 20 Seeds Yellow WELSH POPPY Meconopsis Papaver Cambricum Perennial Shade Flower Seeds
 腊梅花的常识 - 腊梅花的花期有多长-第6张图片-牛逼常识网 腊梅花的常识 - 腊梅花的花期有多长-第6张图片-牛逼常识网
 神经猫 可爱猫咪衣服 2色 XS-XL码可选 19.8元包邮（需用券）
:::
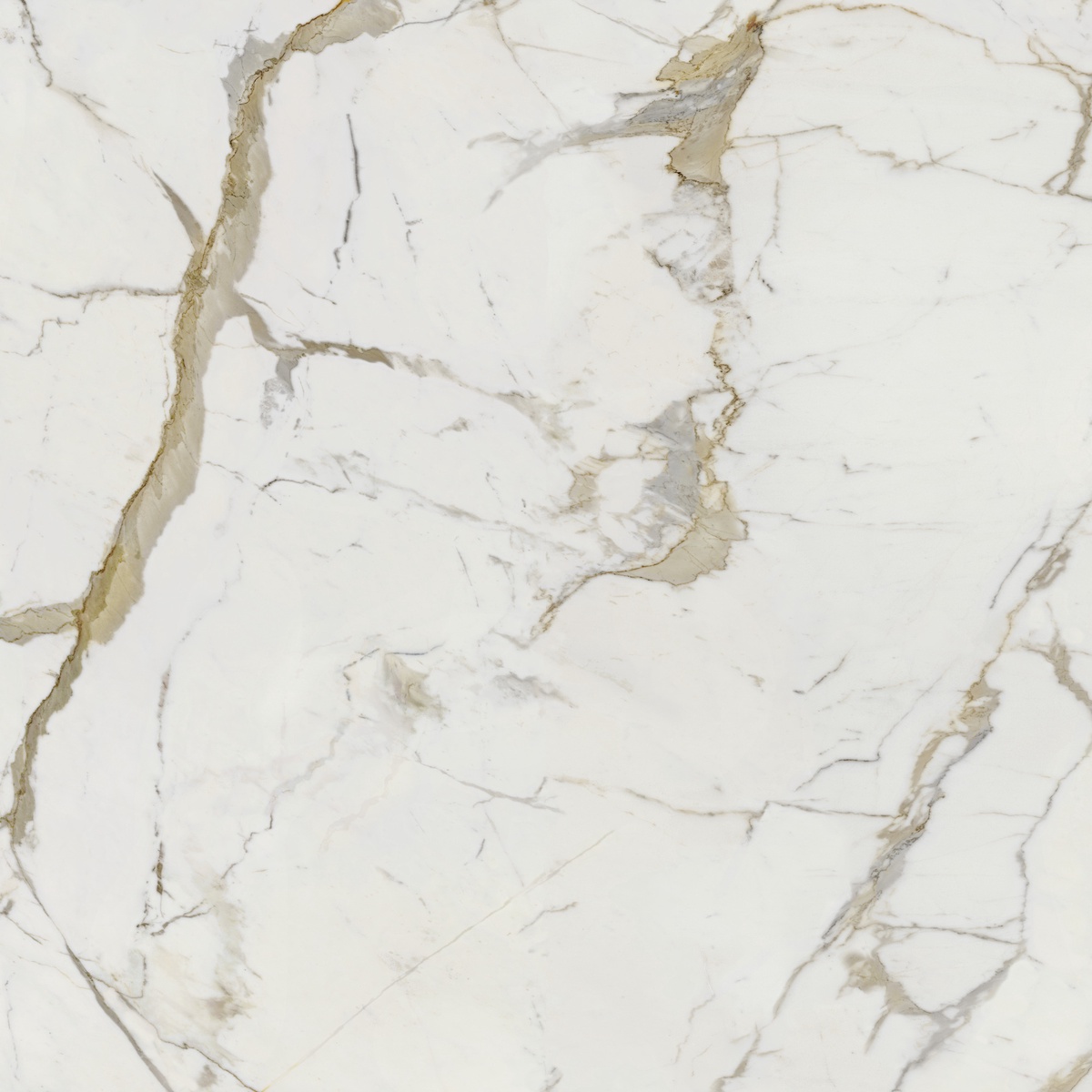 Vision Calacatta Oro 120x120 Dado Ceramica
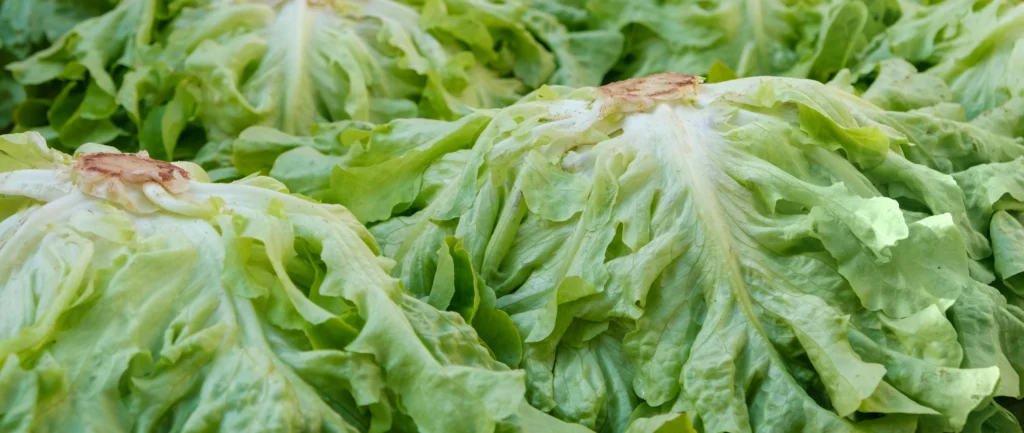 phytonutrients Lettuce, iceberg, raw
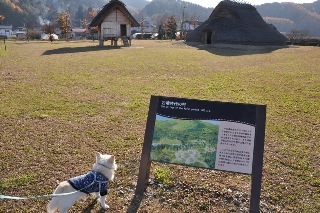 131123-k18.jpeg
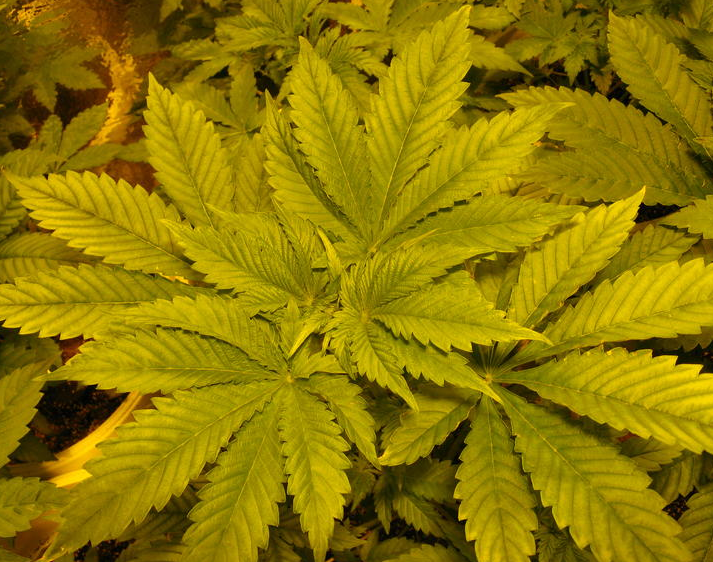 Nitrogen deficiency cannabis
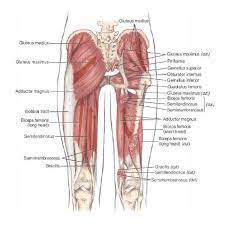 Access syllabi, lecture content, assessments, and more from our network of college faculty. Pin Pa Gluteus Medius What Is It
:::
WHAT THE TASK ASKS: Starting at the line above that holds "Vision Calacatta Oro 120x120 Dado Ceramica", return each line up to and including the one that holds "Access syllabi, lecture", exactly as written, minus any pictures.

RESPONSE TO THIS EXERCISE:
 Vision Calacatta Oro 120x120 Dado Ceramica
 phytonutrients Lettuce, iceberg, raw
 131123-k18.jpeg
 Nitrogen deficiency cannabis
 Access syllabi, lecture content, assessments, and more from our network of college faculty. Pin Pa Gluteus Medius What Is It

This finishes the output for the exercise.